Exercise instructions » Nothing but the lines from the start of the entries through the line holding "stock image Side" is to be repeated, exactly and with pictures excluded.

------ Record set ------

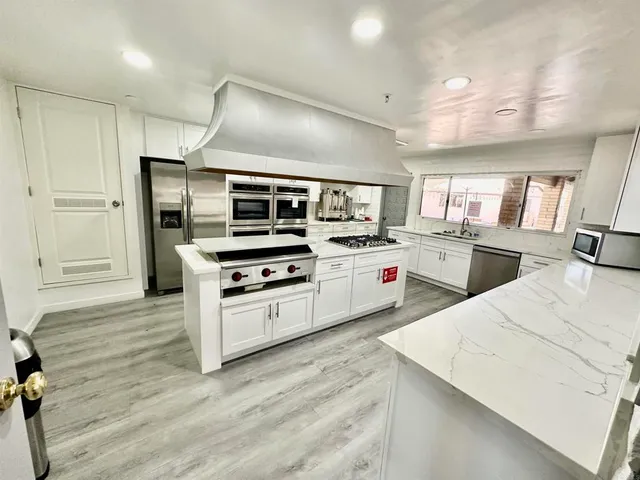 a kitchen with stainless steel appliances granite countertop a sink stove and refrigerator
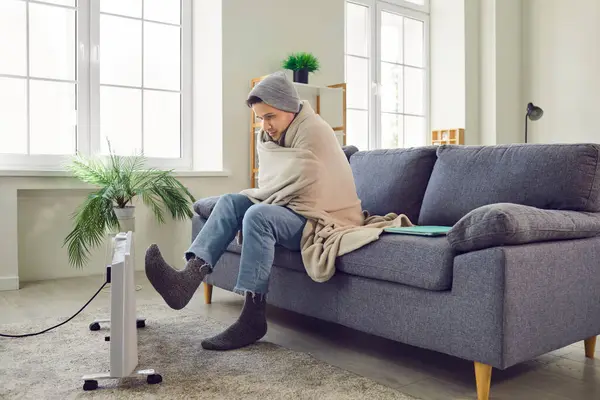stock image Side view of a young frozen man sitting on sofa in the living room at home wrapped in blanket and trying to warm his feet putting his legs on electric heater. Heating problems concept.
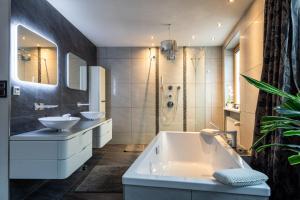 滨湖采尔Apartment Lisa的浴室配有两个盥洗盆和浴缸。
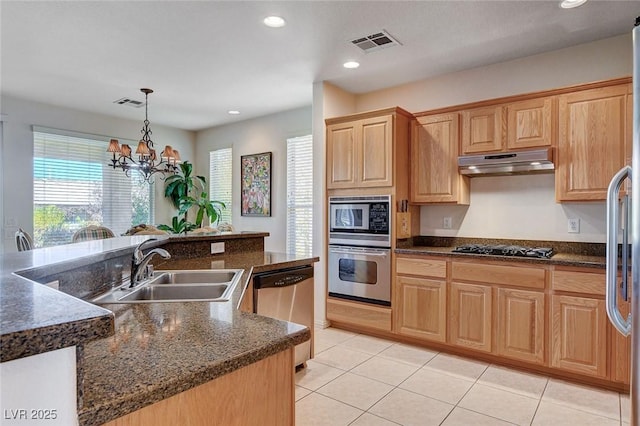 kitchen with appliances with stainless steel finishes, pendant lighting, sink, a chandelier, and light tile patterned floors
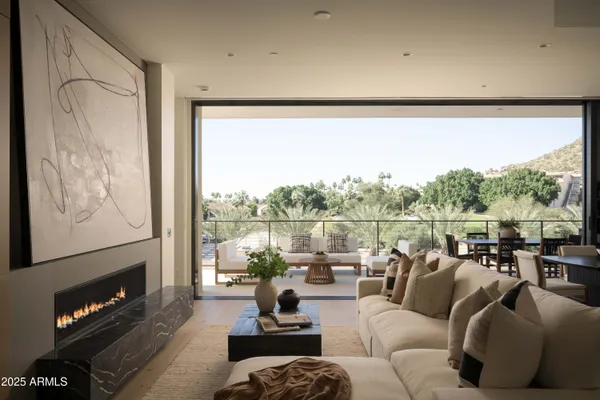 a living room with furniture large window and a fireplace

------

Result below »
 a kitchen with stainless steel appliances granite countertop a sink stove and refrigerator
stock image Side view of a young frozen man sitting on sofa in the living room at home wrapped in blanket and trying to warm his feet putting his legs on electric heater. Heating problems concept.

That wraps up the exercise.